Sorry, search function was quite specific enough for this topic (in case it's been covered)...

But for 2010 have Cervelo addressed what appears to be a widespread issue of Campag not running at all well on their frames? In fact, I know of a few others who even have issues with 7900 and their S2. 

(7800 is a dream though)


----------



## [email protected] (Nov 1, 2008)

Can you please describe the issues in detail? I just spoke with our head mechanic and an asst mechanic and neither one has had any problems with the Campy 10 or 11spd bikes they've built for customers. Likewise, they have seen no problems setting up bikes with 7900.


----------



## Tinea Pedis (Aug 14, 2009)

As I don't actually own a Cervelo, I'm only going by reports from other people who have/still do own them or have built them up.

It seems, as suggested, that 11sp and 7900 do not run as well as what they should in relation to shifting.
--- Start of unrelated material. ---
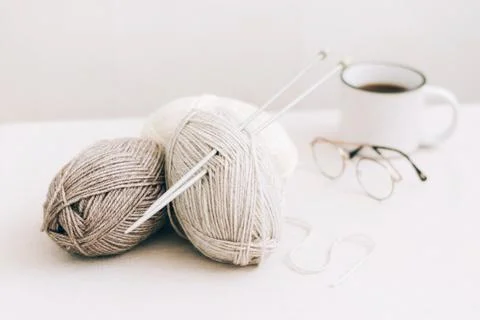 Threads for knitting, from natural environmentally friendly wool, close-up on a Stock Photos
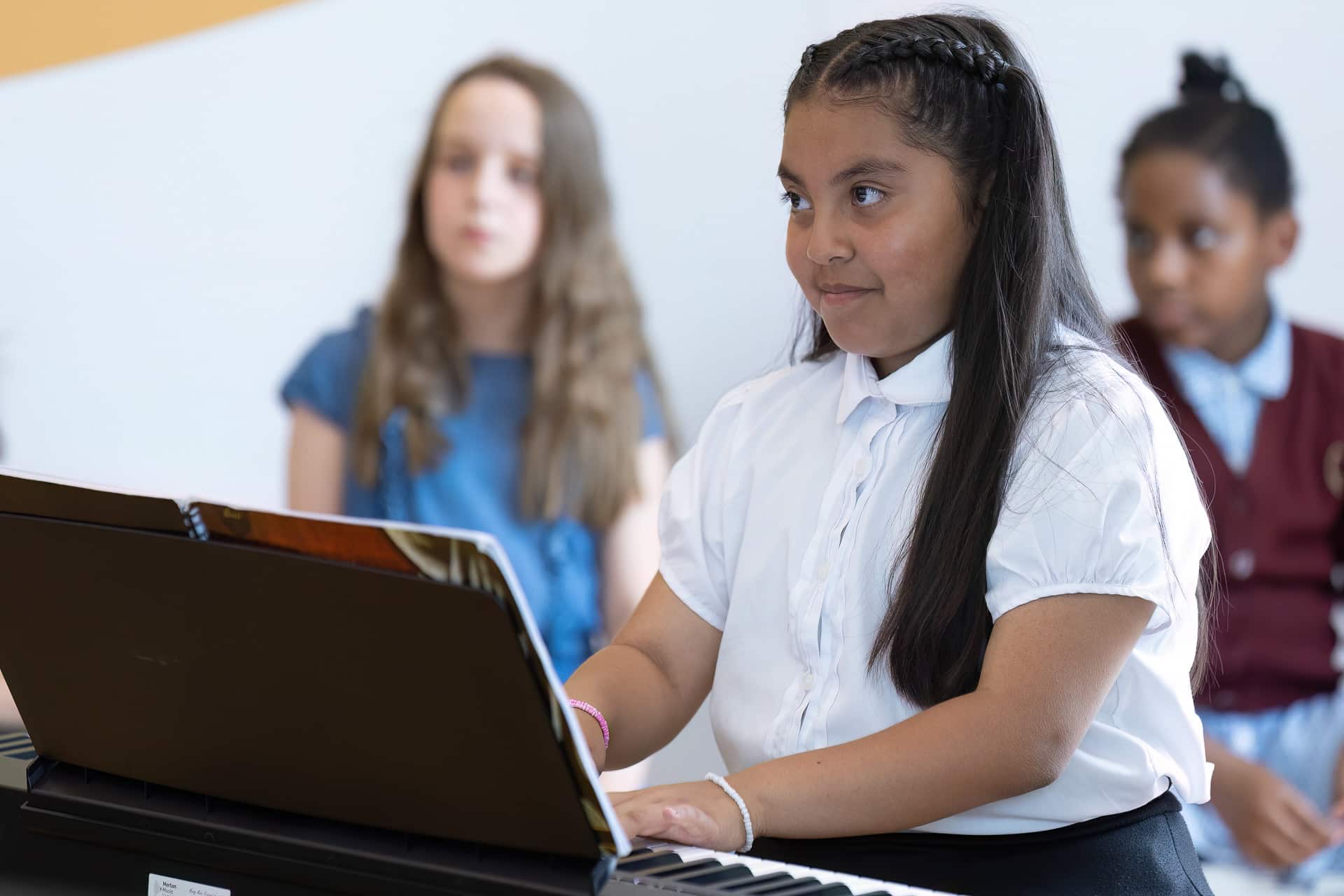 A girl with long dark hair plays a keyboard during her instrumental lessons, reading sheet music, whilst two other girls sit in the background, slightly out of focus.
Apparently it's a combination of the internal lining for the cables as well as possibly where the cable exits the top tube and the angle it then has to run to get to the levers.

Possibly not too dissimilar to the Wilier Cento1 and the issues (as found by Fairwheel Bikes) had there running Campagnolo.
iirc Cervelo Test Team also had trouble with 7900 and the frames, hence reverting to 7800 throughout last season.


I only ask this as I run Campag, and would rather not find out after the fact that there is indeed problems with the S2 and my groupset of choice.


----------